# Supplied records
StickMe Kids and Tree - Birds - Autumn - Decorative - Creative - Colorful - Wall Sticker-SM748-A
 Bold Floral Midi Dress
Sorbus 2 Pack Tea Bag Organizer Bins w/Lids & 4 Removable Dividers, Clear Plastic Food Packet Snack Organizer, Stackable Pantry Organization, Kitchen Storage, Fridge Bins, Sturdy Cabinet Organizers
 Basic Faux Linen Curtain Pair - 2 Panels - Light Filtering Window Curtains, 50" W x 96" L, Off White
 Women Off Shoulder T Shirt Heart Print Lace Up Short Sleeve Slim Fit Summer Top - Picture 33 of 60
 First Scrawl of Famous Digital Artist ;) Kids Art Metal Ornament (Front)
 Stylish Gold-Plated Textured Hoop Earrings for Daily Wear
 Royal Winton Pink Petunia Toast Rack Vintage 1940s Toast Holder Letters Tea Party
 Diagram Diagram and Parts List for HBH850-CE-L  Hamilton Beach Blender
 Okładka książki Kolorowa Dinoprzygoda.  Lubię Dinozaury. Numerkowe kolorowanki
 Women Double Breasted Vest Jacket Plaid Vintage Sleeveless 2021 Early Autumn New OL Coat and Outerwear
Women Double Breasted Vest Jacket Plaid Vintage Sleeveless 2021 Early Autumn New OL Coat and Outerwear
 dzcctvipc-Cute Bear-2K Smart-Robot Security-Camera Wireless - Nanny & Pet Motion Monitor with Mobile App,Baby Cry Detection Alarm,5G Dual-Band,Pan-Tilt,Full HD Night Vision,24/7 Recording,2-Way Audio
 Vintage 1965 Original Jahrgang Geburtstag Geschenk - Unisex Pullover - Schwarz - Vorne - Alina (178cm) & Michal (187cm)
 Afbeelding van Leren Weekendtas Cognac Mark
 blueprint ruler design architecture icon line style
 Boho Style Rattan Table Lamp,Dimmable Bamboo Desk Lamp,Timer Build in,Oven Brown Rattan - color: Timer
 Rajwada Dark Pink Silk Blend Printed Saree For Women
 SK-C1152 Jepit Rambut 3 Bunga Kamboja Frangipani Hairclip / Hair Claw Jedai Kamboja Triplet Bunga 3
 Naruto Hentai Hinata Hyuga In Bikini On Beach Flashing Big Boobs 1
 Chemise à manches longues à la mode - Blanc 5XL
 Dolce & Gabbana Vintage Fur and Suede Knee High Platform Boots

# Work request
Of the lines above, extract only those from the line with "Bold Floral Midi Dress" to the line with "Boho Style Rattan", both included, exactly as written.

# Task answer
 Bold Floral Midi Dress
Sorbus 2 Pack Tea Bag Organizer Bins w/Lids & 4 Removable Dividers, Clear Plastic Food Packet Snack Organizer, Stackable Pantry Organization, Kitchen Storage, Fridge Bins, Sturdy Cabinet Organizers
 Basic Faux Linen Curtain Pair - 2 Panels - Light Filtering Window Curtains, 50" W x 96" L, Off White
 Women Off Shoulder T Shirt Heart Print Lace Up Short Sleeve Slim Fit Summer Top - Picture 33 of 60
 First Scrawl of Famous Digital Artist ;) Kids Art Metal Ornament (Front)
 Stylish Gold-Plated Textured Hoop Earrings for Daily Wear
 Royal Winton Pink Petunia Toast Rack Vintage 1940s Toast Holder Letters Tea Party
 Diagram Diagram and Parts List for HBH850-CE-L  Hamilton Beach Blender
 Okładka książki Kolorowa Dinoprzygoda.  Lubię Dinozaury. Numerkowe kolorowanki
 Women Double Breasted Vest Jacket Plaid Vintage Sleeveless 2021 Early Autumn New OL Coat and Outerwear
Women Double Breasted Vest Jacket Plaid Vintage Sleeveless 2021 Early Autumn New OL Coat and Outerwear
 dzcctvipc-Cute Bear-2K Smart-Robot Security-Camera Wireless - Nanny & Pet Motion Monitor with Mobile App,Baby Cry Detection Alarm,5G Dual-Band,Pan-Tilt,Full HD Night Vision,24/7 Recording,2-Way Audio
 Vintage 1965 Original Jahrgang Geburtstag Geschenk - Unisex Pullover - Schwarz - Vorne - Alina (178cm) & Michal (187cm)
 Afbeelding van Leren Weekendtas Cognac Mark
 blueprint ruler design architecture icon line style
 Boho Style Rattan Table Lamp,Dimmable Bamboo Desk Lamp,Timer Build in,Oven Brown Rattan - color: Timer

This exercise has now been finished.